▶ [WHAT THE TASK REQUIRES] In the copy of these records, include no pictures and change nothing else.

Scraped caption text data

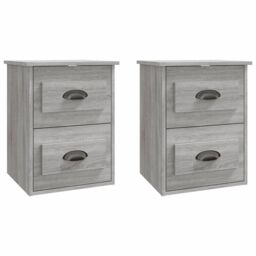 Berkfield Home Wall-mounted Bedside Cabinets 2 pcs Grey Sonoma 41.5x36x53cm - Size: 41.5x36x53 cm - thumbnail 2
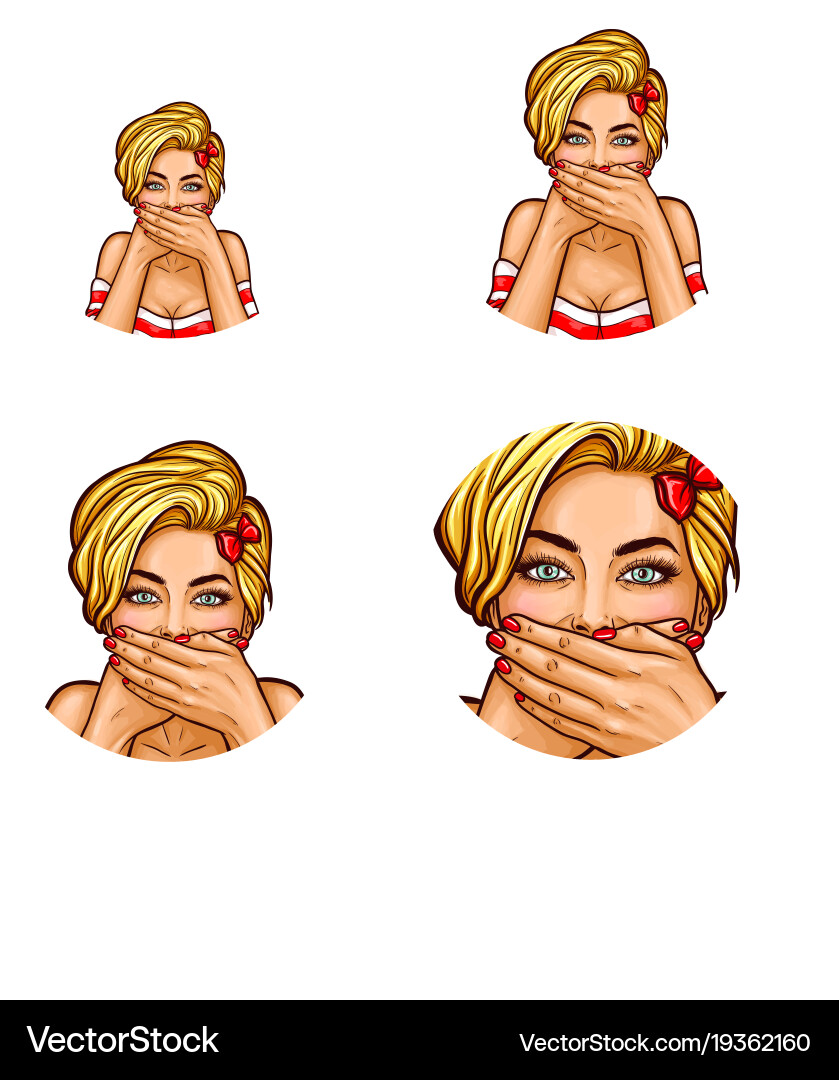 Set of pop art round avatar icons for users Vector Image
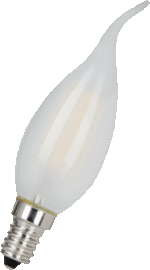 Heldere Bailey LED-filament kaarslamp in windstootvorm met E14-fitting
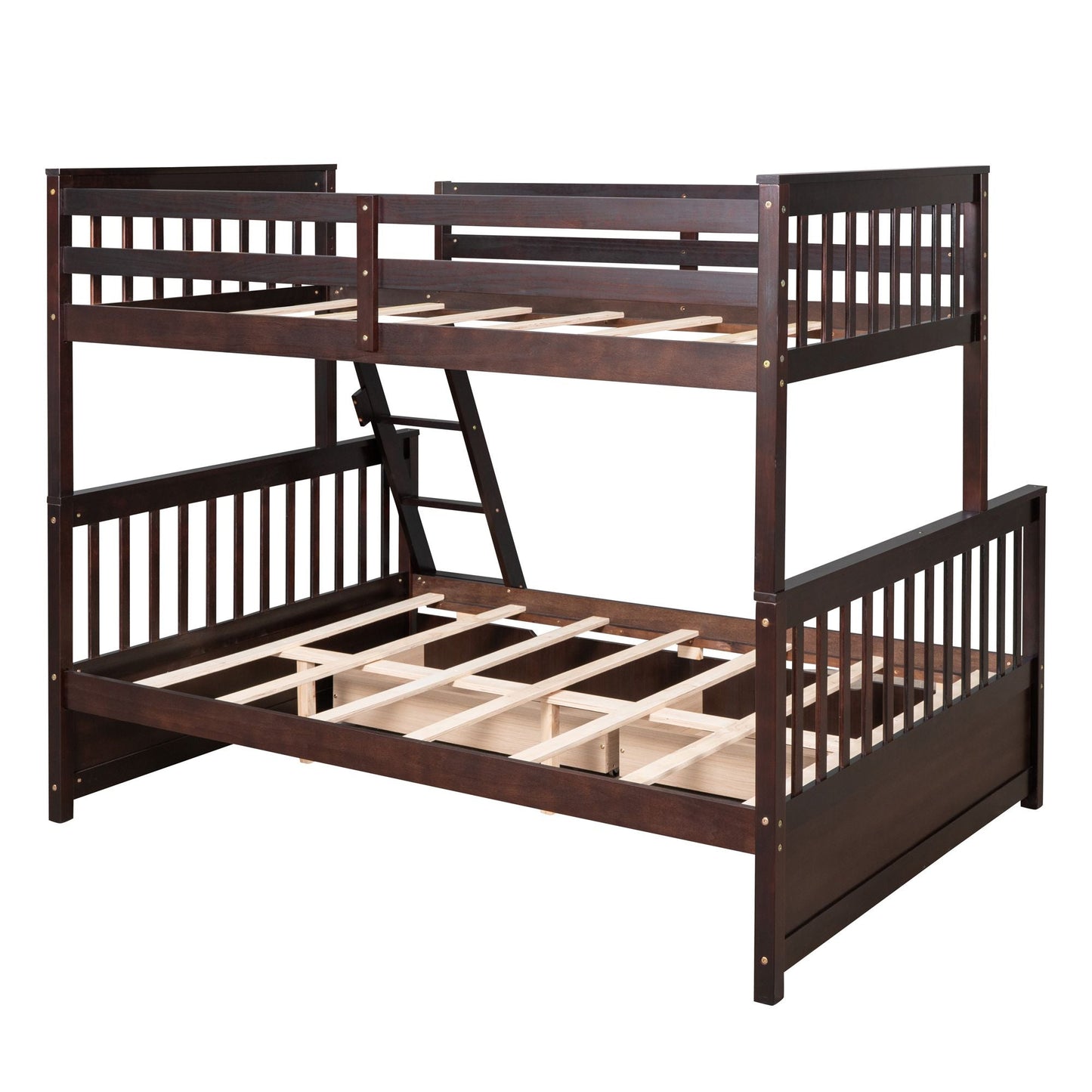 Heavy-Duty Twin Over Full Wood Bunk Bed with Ladders and Two Storage Drawers, White | Just Better Bunk Beds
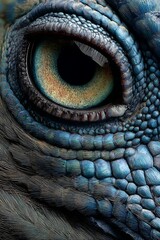 Naklejka premium Extreme close up reveals intricate texture of vibrant reptilian or avian eye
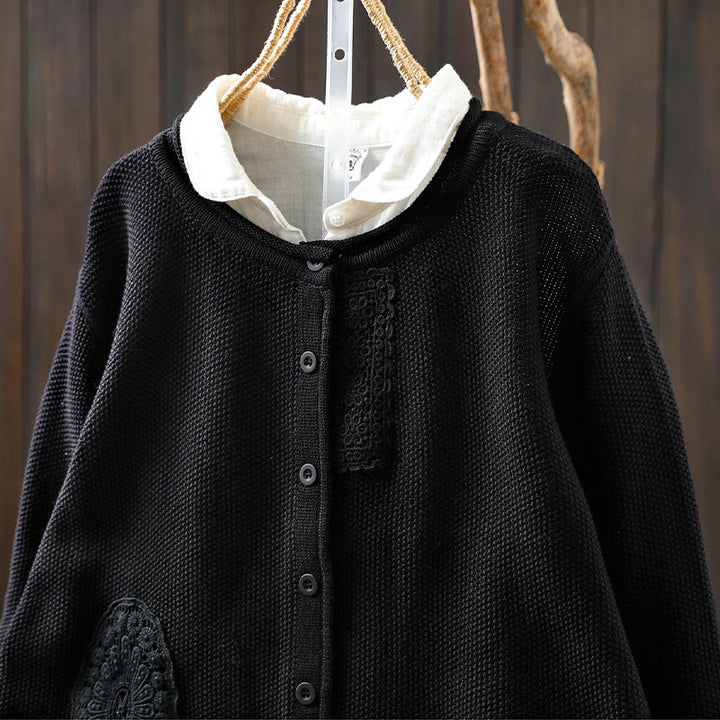 Buddha Stones秋 フローラルボタン コットン レディース 長袖 ニットカーディガン セーター - image 29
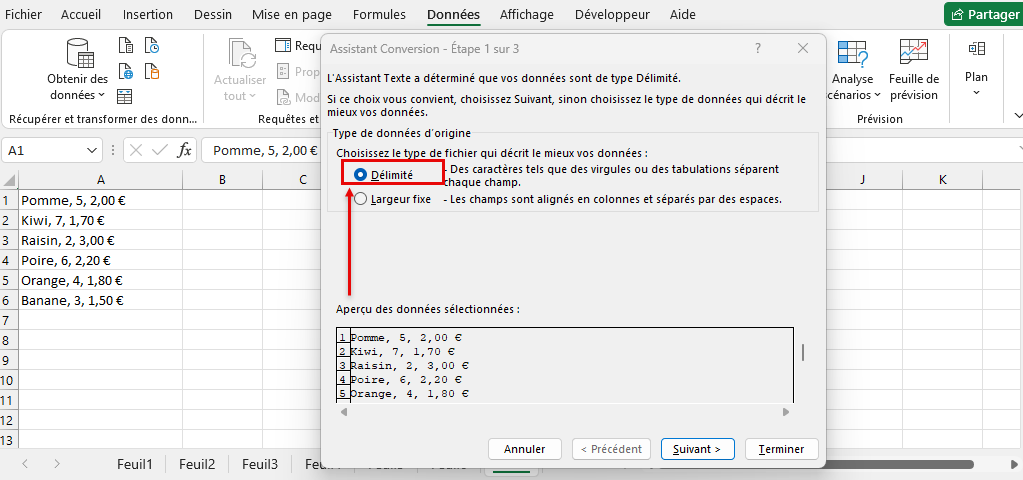 Délimité données Excel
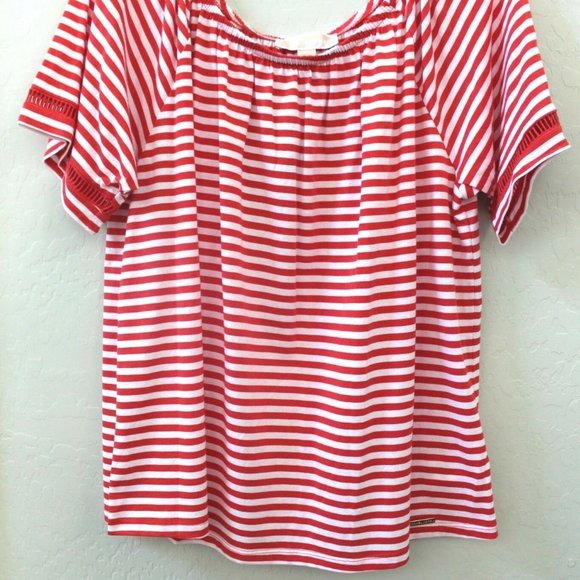 Michael Kors Striped Off-Shoulder Peasant Blouse Size Large - Picture 7 of 8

▶ [RESULT OF THE TASK]
 Berkfield Home Wall-mounted Bedside Cabinets 2 pcs Grey Sonoma 41.5x36x53cm - Size: 41.5x36x53 cm - thumbnail 2
 Set of pop art round avatar icons for users Vector Image
 Heldere Bailey LED-filament kaarslamp in windstootvorm met E14-fitting
 Heavy-Duty Twin Over Full Wood Bunk Bed with Ladders and Two Storage Drawers, White | Just Better Bunk Beds
 Naklejka premium Extreme close up reveals intricate texture of vibrant reptilian or avian eye
 Buddha Stones秋 フローラルボタン コットン レディース 長袖 ニットカーディガン セーター - image 29
 Délimité données Excel
 Michael Kors Striped Off-Shoulder Peasant Blouse Size Large - Picture 7 of 8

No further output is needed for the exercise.